Penalized regression

  • Another potential remedy for collinearity

  • Decreases variability of estimated coefficients at the cost of introducing bias

  • Also known as regularization

  • Important beyond the collinearity context

    • Certain types of penalties can be used for variable selection in a natural way

    • Penalized regression provides solutions in ill-posed (rank-deficient) problems

    • Familiar examples of such models are ANOVA models with all dummy variables

    • A more realistic situation is models with \(p > n\) (more covariates than observations)

Penalized likelihood and Bayesian interpretation

  • We have already seen an example of penalized regression: smoothing splines

  • Given data \(\{ (x_i, y_i ) : x_i \in [a, b] \}\), goal is to find \(f\) that minimizes (given \(\lambda > 0\))

\[ \sum_i (y_i - f(x_i))^2 + \lambda \int_{a}^{b} (f^{\prime\prime}(t))^2 dt \]

  • The solution is a natural cubic spline

  • Here \(f\) is the parameter of interest

  • The (ill-posed) least squares problem is regularized by adding a penalty for “undesirable” (wiggly) solutions

  • The same idea can be applied for usual (finite-dimensional) parameters as well

Penalized likelihood and Bayesian interpretation

  • Penalized regression is a special case of the more general penalized likelihood approach

  • This is easiest to motivate using a Bayesian argument

  • Consider unknown parameter \(\theta\) and observed data \(y\) with

\[\begin{eqnarray*} \theta &\sim& p(\theta) \quad\quad \text{ (prior) } \\ y | \theta &\sim& p(y | \theta) \end{eqnarray*}\]


  • Bayesian inference is based on the posterior distribution of \(\theta\), given by

\[ p(\theta | y) = \frac{p(\theta, y)}{p(y)} = \frac{p(\theta) \, p(y | \theta)}{p(y)} \]

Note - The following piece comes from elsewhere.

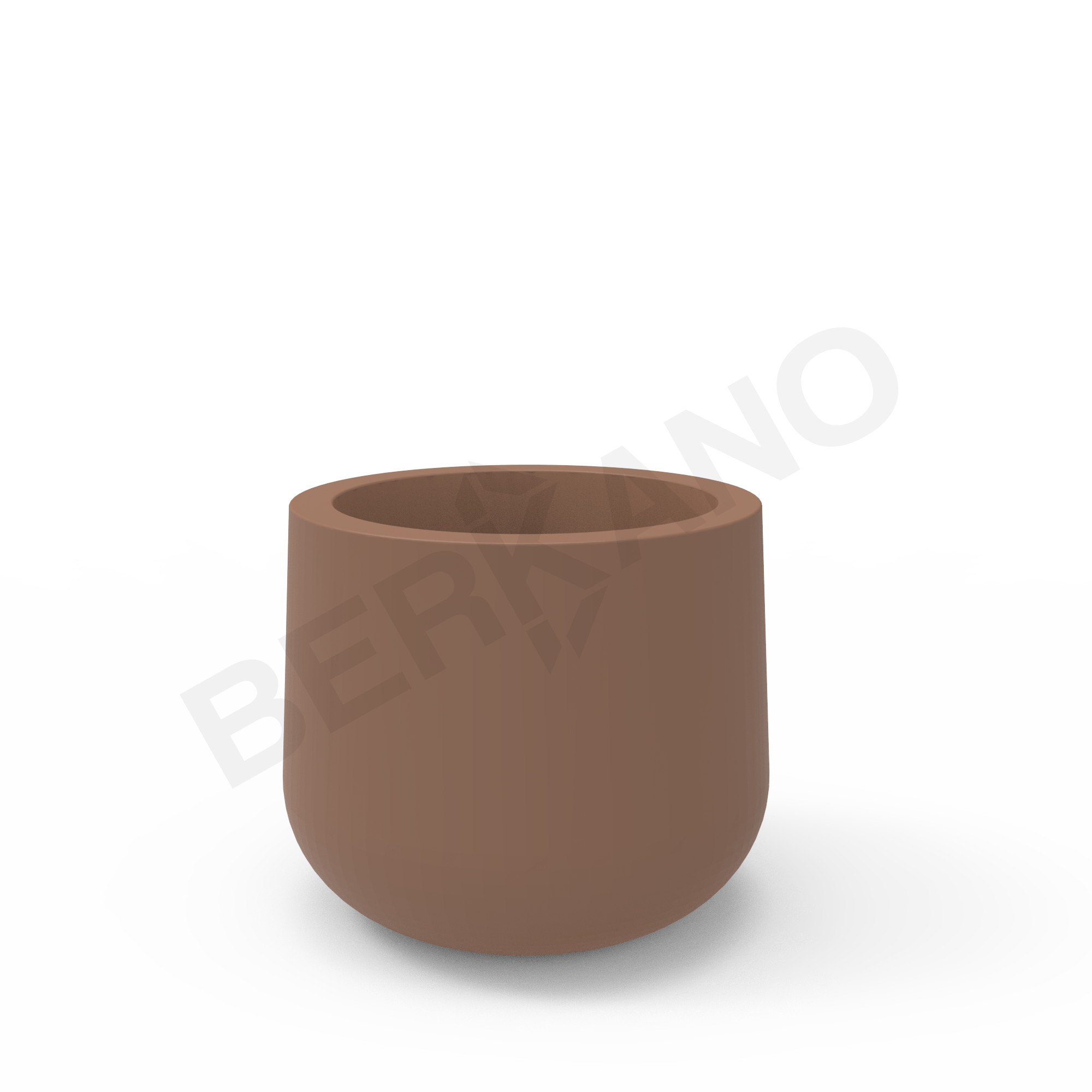 Кашпо Grace planter 45 DB коричневого цвета - фото 1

  • Here \(p(y)\) is the marginal density of \(y\) given by

\[ p(y) = \int p(\theta) \, p(y | \theta) \, d\theta \]

Penalized likelihood and Bayesian interpretation

  • How does posterior \(p(\theta | y)\) lead to inference on \(\theta\)?

  • We could look at \(E(\theta | y)\), \(V(\theta | y)\), etc.

  • We could also look at the maximum-a-posteriori (MAP) estimator

\[ \hat\theta = \arg \max_{\theta} p(\theta | y) \]

  • This is analagous to MLE in the classical frequentist setup

  • Unfortunately, \(p(y)\) is in general difficult to compute

  • This has led to methods to simulate from \(p(\theta | y)\) without knowing \(p(y)\) (MCMC)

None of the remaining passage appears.